# "OH OH"



## billrunnels (Nov 27, 2017)

The aircraft assigned to one of our training missions was an old B-17F. We took off and our radio operator reported gas was flowing over the top skin of the wing into the exhaust flame of #3 engine. It didn't take us long to get back on the ground. The service crew failed to put the gas cap on after filling the tanks. This was the shortest flight of my military career.

Reactions: Like Like:
4 | Winner Winner:
1 | Like List reactions


----------



## pbehn (Nov 27, 2017)

Great post Bill. Whatever can go wrong eventually will go wrong, I think the US and UK involvement in so many flights led to the formation of civilian airline safety procedures. In the above case "how about a gas tank cap that cant be left on the ground?


----------



## billrunnels (Nov 27, 2017)

pbehn said:


> Great post Bill. Whatever can go wrong eventually will go wrong, I think the US and UK involvement in so many flights led to the formation of civilian airline safety procedures. In the above case "how about a gas tank cap that cant be left on the ground?
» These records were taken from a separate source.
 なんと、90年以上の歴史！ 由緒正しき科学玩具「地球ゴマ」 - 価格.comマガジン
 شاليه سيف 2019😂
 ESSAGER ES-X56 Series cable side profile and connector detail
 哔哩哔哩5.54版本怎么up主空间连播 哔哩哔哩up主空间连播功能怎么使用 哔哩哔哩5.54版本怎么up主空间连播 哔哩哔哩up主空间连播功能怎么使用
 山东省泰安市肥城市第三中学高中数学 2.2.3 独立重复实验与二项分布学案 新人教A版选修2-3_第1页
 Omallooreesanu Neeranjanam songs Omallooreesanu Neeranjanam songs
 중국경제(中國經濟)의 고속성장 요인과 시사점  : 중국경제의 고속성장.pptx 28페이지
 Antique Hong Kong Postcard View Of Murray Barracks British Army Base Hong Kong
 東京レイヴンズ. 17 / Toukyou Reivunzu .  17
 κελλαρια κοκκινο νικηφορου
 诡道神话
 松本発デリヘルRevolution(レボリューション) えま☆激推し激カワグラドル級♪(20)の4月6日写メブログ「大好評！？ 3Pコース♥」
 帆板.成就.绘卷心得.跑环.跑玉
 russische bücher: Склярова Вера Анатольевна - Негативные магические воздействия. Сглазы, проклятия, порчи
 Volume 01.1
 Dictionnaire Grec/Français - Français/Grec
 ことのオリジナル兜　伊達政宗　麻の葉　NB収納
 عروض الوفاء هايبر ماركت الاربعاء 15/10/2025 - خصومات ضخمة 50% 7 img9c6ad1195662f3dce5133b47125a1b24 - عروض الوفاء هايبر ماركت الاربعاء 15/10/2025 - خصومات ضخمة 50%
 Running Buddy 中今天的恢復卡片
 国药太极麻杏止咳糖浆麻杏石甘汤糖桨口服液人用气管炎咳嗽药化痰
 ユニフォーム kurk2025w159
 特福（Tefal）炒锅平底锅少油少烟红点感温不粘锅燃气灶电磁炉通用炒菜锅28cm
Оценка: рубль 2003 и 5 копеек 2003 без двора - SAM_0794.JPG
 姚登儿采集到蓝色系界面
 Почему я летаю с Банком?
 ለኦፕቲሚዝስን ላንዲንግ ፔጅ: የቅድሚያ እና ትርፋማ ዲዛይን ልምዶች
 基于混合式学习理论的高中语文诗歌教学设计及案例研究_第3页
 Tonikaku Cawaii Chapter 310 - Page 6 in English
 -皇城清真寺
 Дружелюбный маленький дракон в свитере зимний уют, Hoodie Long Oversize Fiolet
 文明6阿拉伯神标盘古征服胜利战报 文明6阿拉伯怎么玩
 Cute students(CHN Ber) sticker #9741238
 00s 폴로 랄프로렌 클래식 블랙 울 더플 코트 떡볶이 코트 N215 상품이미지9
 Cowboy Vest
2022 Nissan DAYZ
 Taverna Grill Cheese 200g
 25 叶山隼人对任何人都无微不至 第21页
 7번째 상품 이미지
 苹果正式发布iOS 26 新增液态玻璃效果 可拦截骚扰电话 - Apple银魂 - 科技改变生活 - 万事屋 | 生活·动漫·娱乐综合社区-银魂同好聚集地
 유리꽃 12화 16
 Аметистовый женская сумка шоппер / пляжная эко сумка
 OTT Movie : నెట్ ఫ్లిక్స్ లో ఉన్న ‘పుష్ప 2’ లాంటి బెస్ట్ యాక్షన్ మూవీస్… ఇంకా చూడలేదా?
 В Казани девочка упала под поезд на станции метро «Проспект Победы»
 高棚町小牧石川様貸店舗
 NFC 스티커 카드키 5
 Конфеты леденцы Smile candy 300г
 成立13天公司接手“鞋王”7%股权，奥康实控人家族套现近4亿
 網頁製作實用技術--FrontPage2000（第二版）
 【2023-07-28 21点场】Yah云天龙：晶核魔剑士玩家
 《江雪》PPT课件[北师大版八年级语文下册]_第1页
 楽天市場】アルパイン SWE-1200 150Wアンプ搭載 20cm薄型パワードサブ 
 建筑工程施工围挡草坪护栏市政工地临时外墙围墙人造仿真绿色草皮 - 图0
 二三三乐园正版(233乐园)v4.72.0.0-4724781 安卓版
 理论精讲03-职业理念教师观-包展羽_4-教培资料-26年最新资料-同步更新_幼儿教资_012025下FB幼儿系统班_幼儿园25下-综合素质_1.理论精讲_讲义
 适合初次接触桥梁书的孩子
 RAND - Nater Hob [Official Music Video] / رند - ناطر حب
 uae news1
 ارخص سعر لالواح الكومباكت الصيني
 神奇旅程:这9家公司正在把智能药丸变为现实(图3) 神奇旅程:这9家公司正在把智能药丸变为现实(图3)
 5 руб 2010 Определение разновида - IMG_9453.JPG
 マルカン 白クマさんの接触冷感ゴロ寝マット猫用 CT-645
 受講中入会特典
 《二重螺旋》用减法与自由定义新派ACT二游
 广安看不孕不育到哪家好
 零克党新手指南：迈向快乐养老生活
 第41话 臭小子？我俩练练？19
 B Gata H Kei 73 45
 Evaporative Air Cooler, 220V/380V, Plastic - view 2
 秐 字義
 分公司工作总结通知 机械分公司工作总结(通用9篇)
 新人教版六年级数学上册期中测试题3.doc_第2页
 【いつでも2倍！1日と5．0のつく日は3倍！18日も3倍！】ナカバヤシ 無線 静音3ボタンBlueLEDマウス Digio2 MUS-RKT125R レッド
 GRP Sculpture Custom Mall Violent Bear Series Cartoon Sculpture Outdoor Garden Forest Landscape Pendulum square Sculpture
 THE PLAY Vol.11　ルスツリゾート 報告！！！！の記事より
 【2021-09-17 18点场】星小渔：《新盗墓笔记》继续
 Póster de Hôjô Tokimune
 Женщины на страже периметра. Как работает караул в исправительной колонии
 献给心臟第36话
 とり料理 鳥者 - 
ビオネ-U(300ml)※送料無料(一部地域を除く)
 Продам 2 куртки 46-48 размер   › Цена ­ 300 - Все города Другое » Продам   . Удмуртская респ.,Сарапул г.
Why not. They have them on cars.


----------



## Crimea_River (Nov 27, 2017)

Good thing it didn't catch fire!


----------



## billrunnels (Nov 27, 2017)

Crimea_River said:


> Good thing it didn't catch fire!


At the time that was our concern. Hind sight suggests that chance of fire was unlikely since the fumes evaporated out in the open.


----------



## fubar57 (Nov 27, 2017)

I've been slowly going through the mission histories that I downloaded and noticed on a lot of missions, 1-4 aircraft aborted the mission for various reasons. Did you ever talk to these crews after the missions? I can imagine there must have been regret and feeling of letting the side down


----------



## pbehn (Nov 27, 2017)

billrunnels said:


> Why not. They have them on cars.


That is then and now, I remember all the cars and motorcycles I owned in the seventies and eighties just had a screw cap, but if they catch fire they don't fall out of the sky.


----------



## billrunnels (Nov 27, 2017)

fubar57 said:


> I've been slowly going through the mission histories that I downloaded and noticed on a lot of missions, 1-4 aircraft aborted the mission for various reasons. Did you ever talk to these crews after the missions? I can imagine there must have been regret and feeling of letting the side down


To abort was a disappointment. So much time was spent preparing for the flight and to end up with no mission credit was hard to take. The one mission we had to abort was after we were in enemy territory 15 minutes. No mission credit because we did not drop the payload on an assigned target. I did not talk to others who had a similar experience but I am certain they had much the same feelings. Our individual goal was to fly often and go home early. With a little luck this could be done in a two month period. After being assigned lead crew bombardier status, I didn't fly as often. I used to plead for mission assignment so I could go home a young man.

Reactions: Like Like:
2 | Like List reactions


----------



## gumbyk (Nov 27, 2017)

pbehn said:


> That is then and now, I remember all the cars and motorcycles I owned in the seventies and eighties just had a screw cap, but if they catch fire they don't fall out of the sky.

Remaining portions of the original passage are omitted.